After retiring to Port Macquarie Lil and I decided that it was not an occasion to rest on our laurels. We travelled to Tasmania, crossing Bass Strait in the Devil Cat which became an unwanted adventure when an engine failed and the skipper had to get a tug to tow us off Station Pier in Melbourne. What was advertised to be a short comfortable six hour voyage turned into a 12 hour nightmare as we hugged the coast. I never particularly liked catamarans as readers will find when they read My Voyage around Spray. As soon as we got to Tasmania we changed our return booking for the more conventional mono-hull ferry which took about 22 hours to make the crossing. The mono-hull weighed about 22,000 tonnes and Devil Cat weighed 400 tonnes. There's a lesson there for naval architects. My hero Slocum knew all about the importance of the forces of nature and importance of a deep keel.

Lil and I have participated in a number of adventures together, here are some of them:

  • Hitch hiking through war torn Europe in the fifties, meeting the English stage producer E. Gordon Craig, walking across the Lombardy Plain and discovering the Medici town of Sabionetta where Western theatre was performed behind a proscenium arch for the first time.
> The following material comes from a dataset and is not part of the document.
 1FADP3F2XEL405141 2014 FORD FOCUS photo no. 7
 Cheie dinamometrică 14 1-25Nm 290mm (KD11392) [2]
  • Living in London digs, providing three course meals to demanding visitors with no money and a metered gas ring for a stove.
  • Crossing the stormy Atlantic and arriving in Toronto. Lil with something called Asian flu and me a "landed immigrant" who was only let in when I corrected my poor long distance sight with glasses. We started our married life together with Lil nursing at the Toronto Sick Children's Hospital and me looking for a job as a reporter. It was the start of winter.
  • Taking our trusty Pontiac across the American plains and up the Caribou Highway through the Rocky Mountains to Dawson Creek. While driving on gravel through Pine Pass at an altitude of 5,500 feet, one of the Pontiac's wheels was suspended in mid air on a particularly sharp curve. Lil closed her eyes as we negotiated the bends. There were no guard rails.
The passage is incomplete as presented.